Space is still available in the Spring Term 2021 Cinema Studies courses listed below! 

Please check classes.uoregon.edu for updates on seat availability of these courses and others in the major.

CINE 198: Wrk Post Prod Workflow (1 credit)
Fridays, 3/29-4/23, 9:15-11:45 a.m.
Instructor: Kevin May

In this four-week workshop, for both beginners and more experienced editors, we will explore nonlinear editing with a focus on Media Management and Workflow. We will examine strategies for media organization and selection, how to efficiently use the tools within the editing software, and methods to efficiently review and refine your work. We will primarily be working in Adobe Premiere, but we will also look at other NLEs such as Final Cut Pro X and Avid Media Composer. By the end of the workshop, with either tutorial media or your own, you will have created and refined a short edit highlighting what you’ve learned in the class. Note: Because this course has special meeting dates, regular academic deadlines do not apply. Please contact the academic department for more information.
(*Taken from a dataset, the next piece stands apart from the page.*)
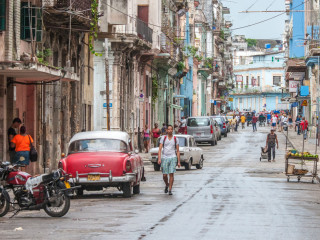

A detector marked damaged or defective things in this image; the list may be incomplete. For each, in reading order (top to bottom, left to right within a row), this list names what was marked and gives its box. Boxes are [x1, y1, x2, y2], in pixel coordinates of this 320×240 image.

rusty balcony [137, 18, 153, 43]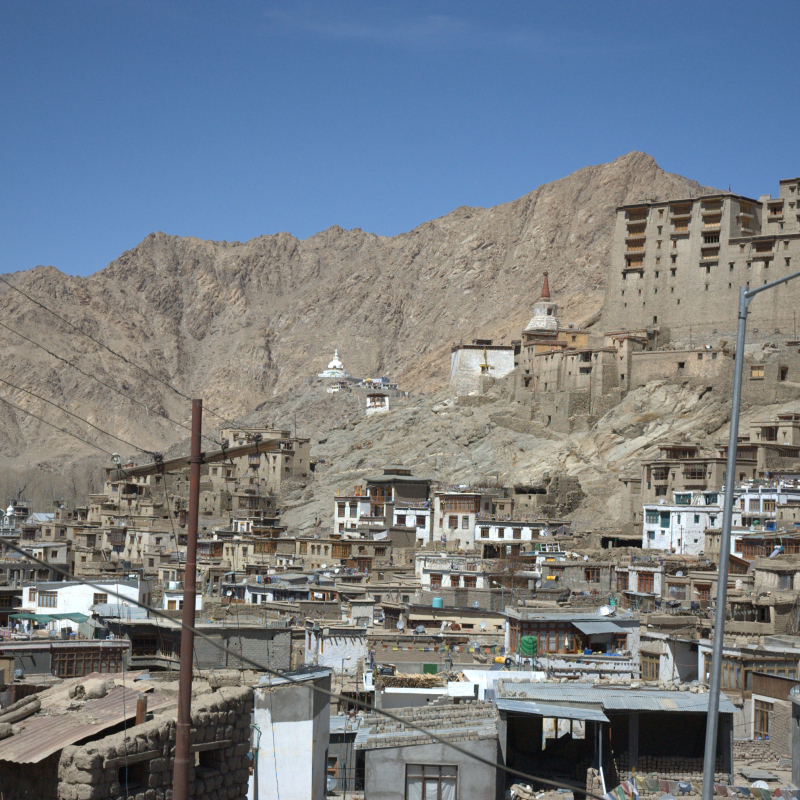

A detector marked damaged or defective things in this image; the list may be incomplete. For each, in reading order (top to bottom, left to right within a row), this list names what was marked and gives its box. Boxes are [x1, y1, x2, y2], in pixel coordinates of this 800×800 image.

rusty brown pole [172, 400, 202, 800]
Post Production Workflow is an essential workshop that will help you succeed in your CINE filmmaking courses and your future filmmaking career. We explore foundational editing skills, such as media management, transcoding, and how to create a workflow to accommodate various media types. (This course is recommended to be taken in conjunction with or before CINE 270 or other Production A courses.)
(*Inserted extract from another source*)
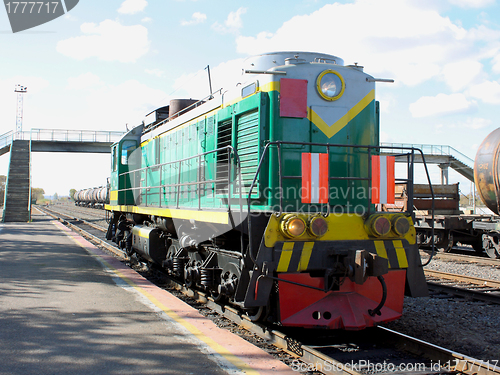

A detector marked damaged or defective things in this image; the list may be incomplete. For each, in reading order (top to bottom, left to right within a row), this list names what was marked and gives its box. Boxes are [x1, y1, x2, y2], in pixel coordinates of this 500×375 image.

rusty metal container [472, 129, 500, 214]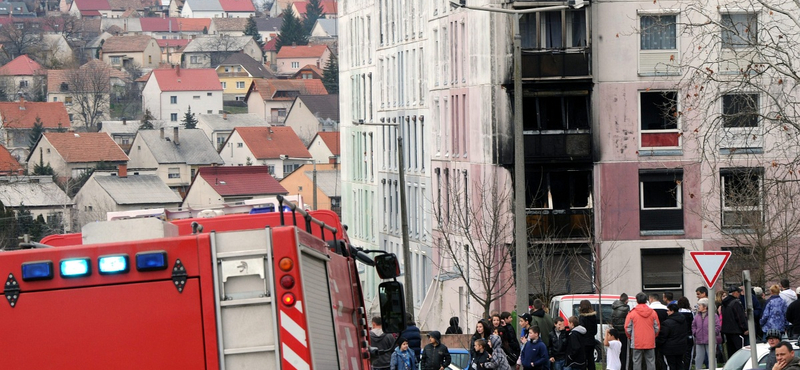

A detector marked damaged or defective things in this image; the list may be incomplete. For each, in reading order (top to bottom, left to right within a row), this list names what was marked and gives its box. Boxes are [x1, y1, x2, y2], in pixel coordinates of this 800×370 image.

broken window [640, 170, 684, 231]
broken window [720, 168, 764, 228]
CINE 440: Topic: Transnational Asian Film & Media >GP >IC (4 credits)
Monday/Wednesday, 4:15-5:45 p.m.
Instructor:  HyeRyoung Ok

This course explores border crossing in the Asia Pacific across a diverse range of popular medi–film, television, animation, pop music, gaming and new media. Particularly, we will be focusing on films and popular media from East Asian countries. Throughout history, the major East Asian cinemas and popular media of Japan, China (Hong Kong, P.R.C.,Taiwan), and South Korea have long engaged in intra-regional and transnational exchanges—of personnel, capital, and influence. Shared cultural values, intertwined histories, and new communication technologies have led to what is called as Trans-Asian cinema and popular culture. First of all, we will examine the diverse aspects of transnational dynamics in the production, circulation, and reception of popular films and media from East Asia since the mid twentieth century. But we will also explore their links to popular media of Southeast Asia (here, Thailand, the Philippines and Singapore) and the wider context of the Asia Pacific. A closer examination of transnational dimensions will illuminate the complex and heterogeneous ways in which the concept of ‘national cinema and media’ is challenged and the relationship between the global and the local is reconfigured.
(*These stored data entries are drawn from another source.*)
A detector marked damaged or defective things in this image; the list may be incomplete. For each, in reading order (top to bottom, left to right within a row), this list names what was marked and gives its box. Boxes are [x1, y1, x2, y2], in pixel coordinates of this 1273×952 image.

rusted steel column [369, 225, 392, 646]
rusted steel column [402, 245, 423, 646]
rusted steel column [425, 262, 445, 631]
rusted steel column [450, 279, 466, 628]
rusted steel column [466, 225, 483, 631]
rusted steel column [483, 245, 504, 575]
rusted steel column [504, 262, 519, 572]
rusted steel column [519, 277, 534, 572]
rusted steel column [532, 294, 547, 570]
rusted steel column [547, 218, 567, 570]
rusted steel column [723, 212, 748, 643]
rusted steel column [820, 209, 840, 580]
CINE 490: Topic: Transnational Film Genres (4 credits)
Tuesday/Thursday, 4:15-5:45 p.m.
Instructor:  Dong Hoon Kim

Genres are constantly changing, whether it is to adapt, understand or challenge new social and political environments. Genre films have been important cultural texts that continually mediate complicated relations of power. With all of this in mind, what can we gain by thinking of genre not just in terms of conventions and expectations, but in relation to national context and transnational influences?

Though perceived as "the most American film genre," if we follow the paths of the Western genre starting in the United States, it will lead us to Italy, to Japan, to India, to Mexico, and to East Germany. The recent trend of remaking Asian melodramas, gangster films and horror movies in Hollywood obviously reverses the presumed flow of influence from Hollywood to other national and regional cinemas. This course examines the transnational dissemination of genre films across nations and explores the ways in which genre conventions are constituted, redefined and transformed within these processes of global exchange.

In this course, we will primarily consider westerns and then melodramas that have traditionally been coded as a “female” genre (to the “male” western). In addition to exploring the formal and industrial elements of cinema across nations, the analysis of westerns and melodramas will lead us to interrogate cinematic and cultural constructions of violence, family, gender, sexuality, and territory across seemingly opposed genres.